Мы завезли их в монастырь, который Лермонтов описал в «Мцыри», тайно привезли с собой пионеров-певцов, спрятали их на церковных хорах. Когда американцы зашли, дети запели сверху ангельскими голосами. Сентиментальные янки стали плакать. Вечером в Кахетии устроили кутёж, заранее занесли в крестьянский дом жареных поросят, вино. Едем с нашими гостями и говорим: «Долой рестораны! Давайте здесь остановимся!» Попадаем  к старому крестьянину –  жареный поросёнок, хинкали, хачапури, сациви. И вот так три дня. Когда гости уезжали, сценарист Джулиус Эпштейн, автор «Касабланки», кричал: «Прошу политического убежища!» В его шутке была доля правды, он спрыгнул с автобуса, едущего к самолёту, и всё кричал: «Зачем мне мой мраморный дворец в Беверли-Хиллз? Дети меня давно бросили! Я хожу один из комнаты в комнату, мне одиноко, а здесь так меня полюбили, так приласкали! Не хочу домой!» Почему я об этом вспомнил? 

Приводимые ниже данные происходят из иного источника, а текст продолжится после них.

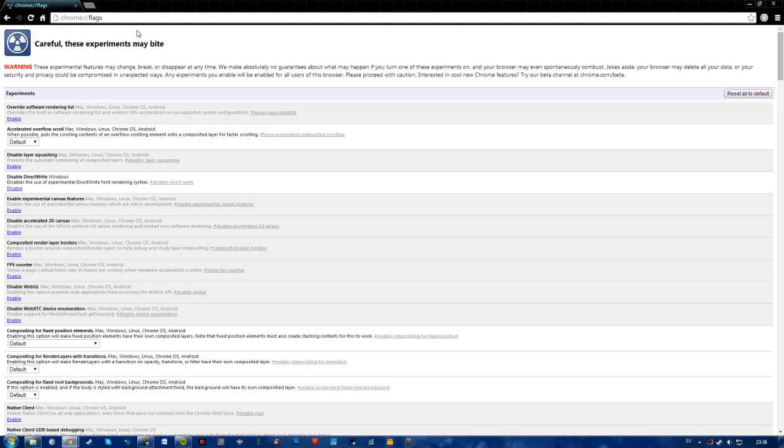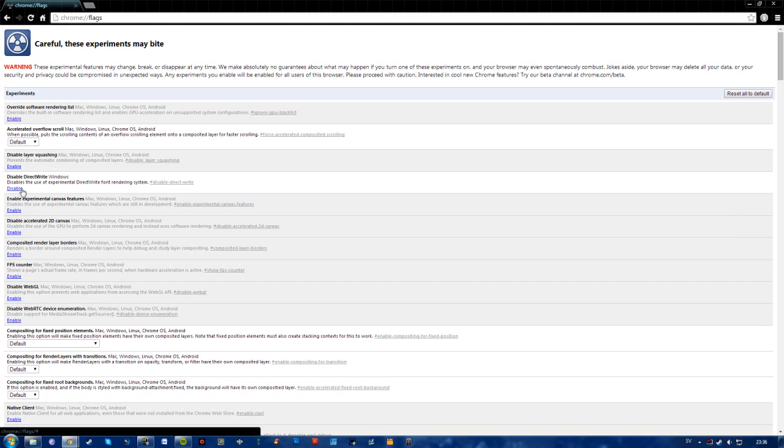Go down to disable direct write windows and what you want to do is to disable it. If it's already disabled you may want to enable it, just switch it on or off. And then just turn off Google Chrome, restart it, and the italic bold font should be gone.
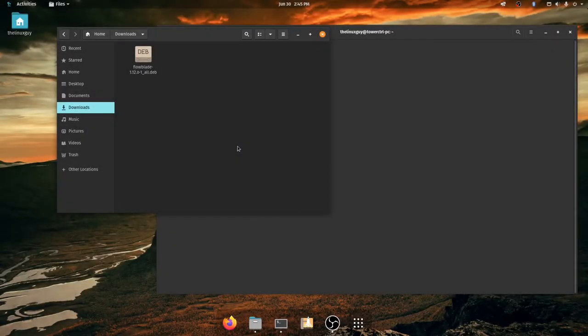Hi everybody, welcome back to another episode of the Linux Guy. Today I'm going to be talking about how to install a .deb file in a terminal and also mention a few other ways to install them.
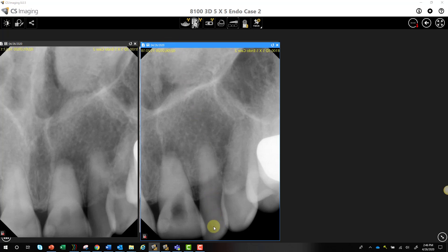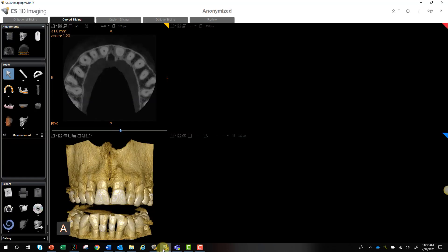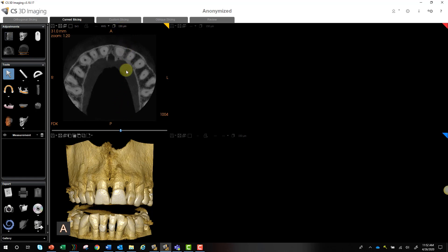The endodontist saw the PAs and elected to take a CBCT. On the CBCT, they actually took a 5x5 field of view on the 8100 3D. The scan was taken at 150 microns, although 75 microns could have been taken. We're going to go through the software a little bit to show you what was done.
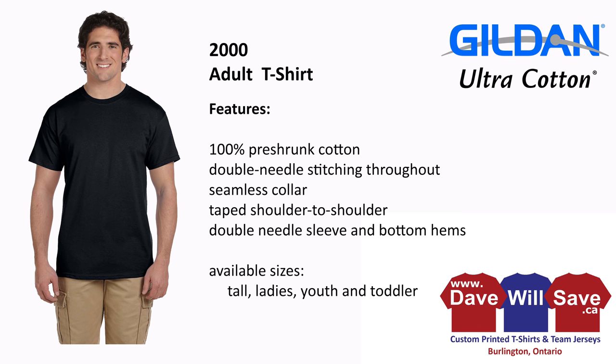We sell more of these t-shirts than any other t-shirt out there. And you can pause the video right here if you want to take a second and look at the features of the shirt.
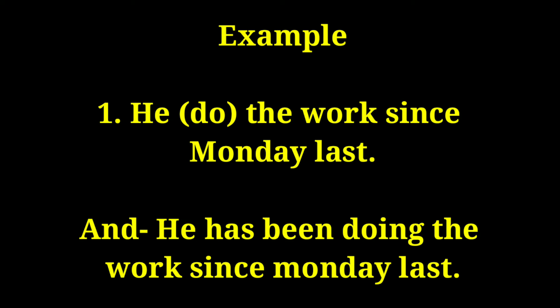Since indicates a specific point in time when using present perfect continuous. So these are common question words.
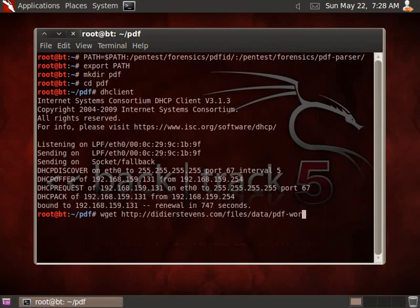The exercises are stored in a zip file which is password protected.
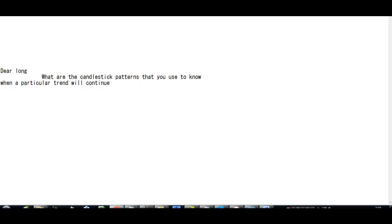Thank you for watching this candlestick trading video. What are the candlestick patterns that you use to know when a particular trend will continue?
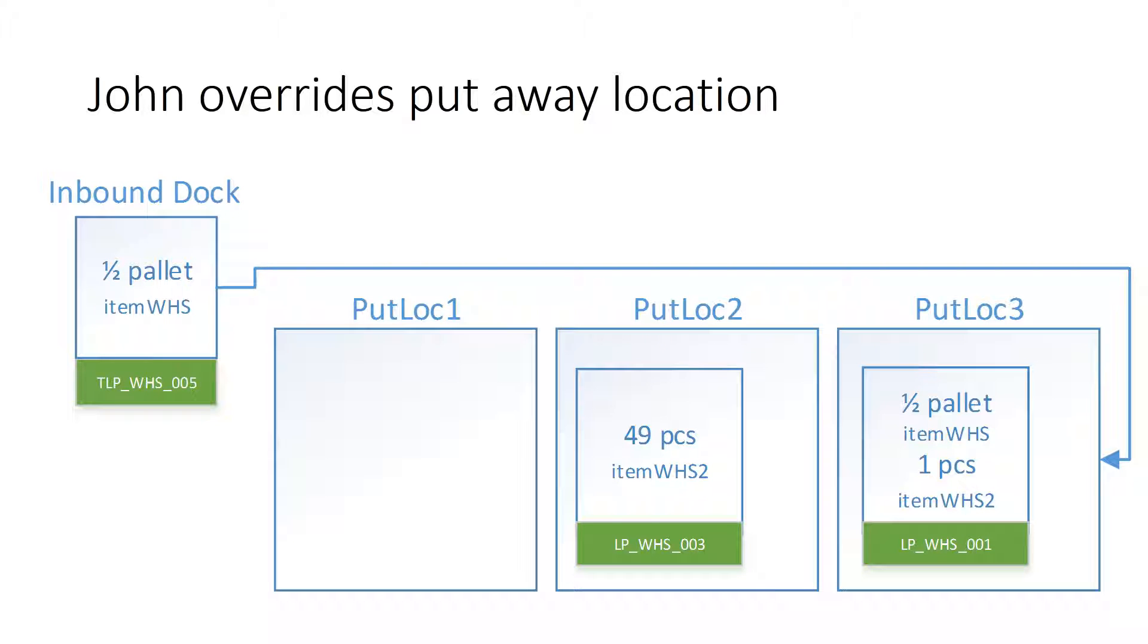This is the point where John decides that he will override the put-away location from put-lock 1 to put-lock 3, where half pallet of the same item is located. And he can do that because he is an experienced warehouse worker and therefore has the appropriate configuration in AX.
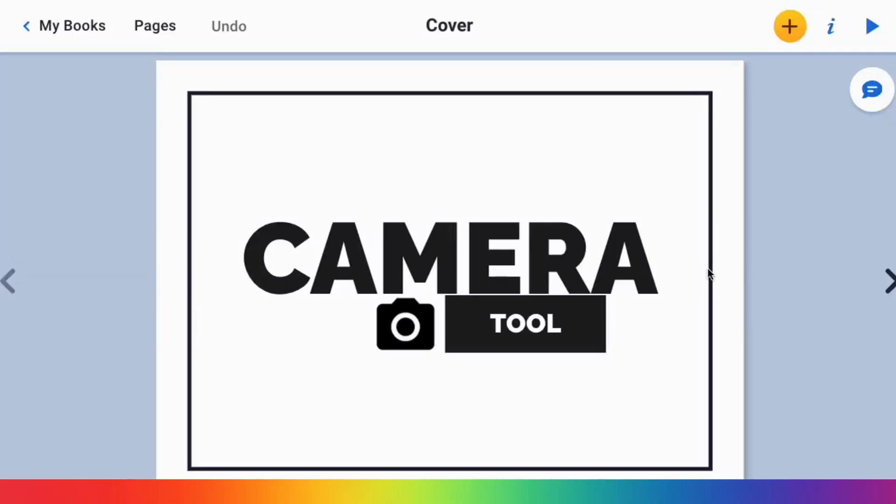Hey Book Creators, in this video I'm going to go over using the camera tool. It's important to note the first time you use the camera tool, your Chrome browser will ask permission to allow your camera. You just need to click allow.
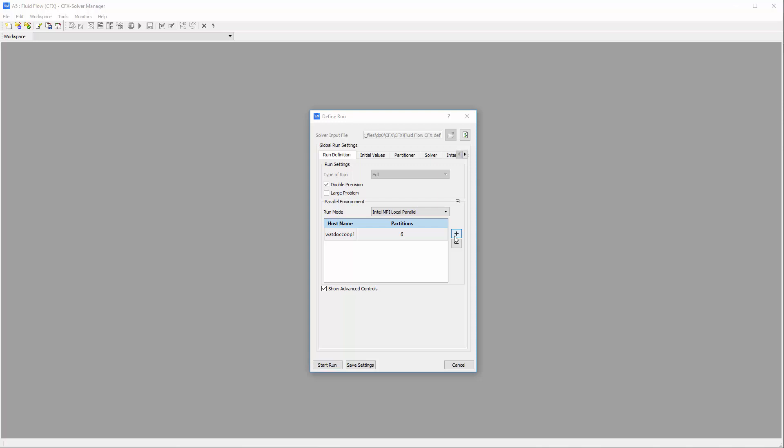The simulation can now be submitted to the solver. This concludes part 1 of this video series. In part 2, I will find the nozzle geometry that maximizes its total shear force output.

Лежу я на операционном столе знаменитого госпиталя «Сидер-Синай», хирург заносит скальпель, но, пока нет денег, операции не будет. И вот те самые американские сценаристы, которых мы принимали в Грузии, мгновенно организовали фонд «Спасение Ираклия Квирикадзе». Они звонили по всей Америке, где были отделения гильдии сценаристов, и объясняли, что я хороший сценарист, но главное – хороший парень и оказался в беде. Утром звонок: Вашингтон даёт пять тысяч долларов, Сан-Диего даёт три тысячи, Чикаго – шесть тысяч, Нью-Йорк – двенадцать тысяч. В полдень собрали шестьдесят тысяч долларов. Филиалов гильдии около сотни разбросано по Америке, откликнулись все, почти все. Вот такой сюжет. 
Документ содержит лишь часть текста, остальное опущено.